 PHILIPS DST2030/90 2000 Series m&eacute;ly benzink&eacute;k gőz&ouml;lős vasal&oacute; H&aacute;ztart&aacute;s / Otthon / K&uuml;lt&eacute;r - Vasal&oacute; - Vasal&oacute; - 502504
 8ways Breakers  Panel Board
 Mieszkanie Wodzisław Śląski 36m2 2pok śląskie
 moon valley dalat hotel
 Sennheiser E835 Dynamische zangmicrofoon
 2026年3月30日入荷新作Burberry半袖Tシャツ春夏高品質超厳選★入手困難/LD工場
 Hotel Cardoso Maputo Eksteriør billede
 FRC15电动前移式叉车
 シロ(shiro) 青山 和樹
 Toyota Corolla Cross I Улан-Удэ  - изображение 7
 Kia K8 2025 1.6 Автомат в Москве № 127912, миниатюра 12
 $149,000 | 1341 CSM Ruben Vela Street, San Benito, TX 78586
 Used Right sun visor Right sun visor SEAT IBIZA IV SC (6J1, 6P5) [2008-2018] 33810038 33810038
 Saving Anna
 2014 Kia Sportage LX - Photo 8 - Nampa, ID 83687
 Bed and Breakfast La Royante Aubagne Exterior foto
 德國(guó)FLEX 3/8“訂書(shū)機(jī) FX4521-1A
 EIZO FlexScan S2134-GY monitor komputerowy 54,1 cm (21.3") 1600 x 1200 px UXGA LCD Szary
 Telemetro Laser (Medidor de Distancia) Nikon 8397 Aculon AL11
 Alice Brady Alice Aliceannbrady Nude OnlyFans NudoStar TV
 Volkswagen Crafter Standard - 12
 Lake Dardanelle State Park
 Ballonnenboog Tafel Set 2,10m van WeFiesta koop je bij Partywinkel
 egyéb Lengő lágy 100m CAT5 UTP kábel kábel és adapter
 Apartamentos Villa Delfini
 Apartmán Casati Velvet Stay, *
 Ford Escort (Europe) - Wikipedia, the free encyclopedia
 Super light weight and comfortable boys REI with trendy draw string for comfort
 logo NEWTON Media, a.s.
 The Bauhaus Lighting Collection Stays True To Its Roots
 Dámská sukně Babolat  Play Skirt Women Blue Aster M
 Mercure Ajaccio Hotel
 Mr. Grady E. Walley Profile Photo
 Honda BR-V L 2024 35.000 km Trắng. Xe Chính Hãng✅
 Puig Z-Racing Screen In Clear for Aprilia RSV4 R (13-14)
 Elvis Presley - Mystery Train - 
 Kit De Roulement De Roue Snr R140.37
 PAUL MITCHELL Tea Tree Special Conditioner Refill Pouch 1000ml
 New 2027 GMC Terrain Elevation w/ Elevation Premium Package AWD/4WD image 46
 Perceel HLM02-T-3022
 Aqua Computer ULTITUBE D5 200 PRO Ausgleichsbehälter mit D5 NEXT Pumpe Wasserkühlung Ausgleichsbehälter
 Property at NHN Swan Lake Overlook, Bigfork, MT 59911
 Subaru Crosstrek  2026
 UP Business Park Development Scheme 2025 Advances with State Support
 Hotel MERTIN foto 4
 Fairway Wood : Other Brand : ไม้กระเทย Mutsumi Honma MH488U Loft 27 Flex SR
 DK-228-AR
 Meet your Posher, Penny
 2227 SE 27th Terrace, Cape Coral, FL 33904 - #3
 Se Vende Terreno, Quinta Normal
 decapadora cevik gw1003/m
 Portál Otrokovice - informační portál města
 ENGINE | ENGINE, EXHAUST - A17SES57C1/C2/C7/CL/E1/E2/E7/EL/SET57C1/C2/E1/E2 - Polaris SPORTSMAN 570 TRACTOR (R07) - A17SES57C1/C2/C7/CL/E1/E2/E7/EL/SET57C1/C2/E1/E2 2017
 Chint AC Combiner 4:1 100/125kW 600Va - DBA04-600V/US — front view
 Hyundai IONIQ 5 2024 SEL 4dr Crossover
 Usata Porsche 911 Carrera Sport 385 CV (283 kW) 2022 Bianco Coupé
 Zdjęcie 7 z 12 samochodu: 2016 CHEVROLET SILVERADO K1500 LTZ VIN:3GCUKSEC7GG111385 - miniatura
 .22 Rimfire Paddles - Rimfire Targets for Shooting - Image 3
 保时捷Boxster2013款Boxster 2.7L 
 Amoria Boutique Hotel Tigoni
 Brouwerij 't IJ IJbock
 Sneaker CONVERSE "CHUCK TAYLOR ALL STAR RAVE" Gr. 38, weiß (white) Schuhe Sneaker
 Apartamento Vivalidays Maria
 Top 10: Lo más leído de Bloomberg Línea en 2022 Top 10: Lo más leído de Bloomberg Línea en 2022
....
### TASK TO CARRY OUT
Reproduce, word for word and in full, only the lines above that start at the line with "シロ(shiro) 青山 和樹" and run through the line with "Mr. Grady E. Walley Profile Photo", both ends included.

### SOLUTION
 シロ(shiro) 青山 和樹
 Toyota Corolla Cross I Улан-Удэ  - изображение 7
 Kia K8 2025 1.6 Автомат в Москве № 127912, миниатюра 12
 $149,000 | 1341 CSM Ruben Vela Street, San Benito, TX 78586
 Used Right sun visor Right sun visor SEAT IBIZA IV SC (6J1, 6P5) [2008-2018] 33810038 33810038
 Saving Anna
 2014 Kia Sportage LX - Photo 8 - Nampa, ID 83687
 Bed and Breakfast La Royante Aubagne Exterior foto
 德國(guó)FLEX 3/8“訂書(shū)機(jī) FX4521-1A
 EIZO FlexScan S2134-GY monitor komputerowy 54,1 cm (21.3") 1600 x 1200 px UXGA LCD Szary
 Telemetro Laser (Medidor de Distancia) Nikon 8397 Aculon AL11
 Alice Brady Alice Aliceannbrady Nude OnlyFans NudoStar TV
 Volkswagen Crafter Standard - 12
 Lake Dardanelle State Park
 Ballonnenboog Tafel Set 2,10m van WeFiesta koop je bij Partywinkel
 egyéb Lengő lágy 100m CAT5 UTP kábel kábel és adapter
 Apartamentos Villa Delfini
 Apartmán Casati Velvet Stay, *
 Ford Escort (Europe) - Wikipedia, the free encyclopedia
 Super light weight and comfortable boys REI with trendy draw string for comfort
 logo NEWTON Media, a.s.
 The Bauhaus Lighting Collection Stays True To Its Roots
 Dámská sukně Babolat  Play Skirt Women Blue Aster M
 Mercure Ajaccio Hotel
 Mr. Grady E. Walley Profile Photo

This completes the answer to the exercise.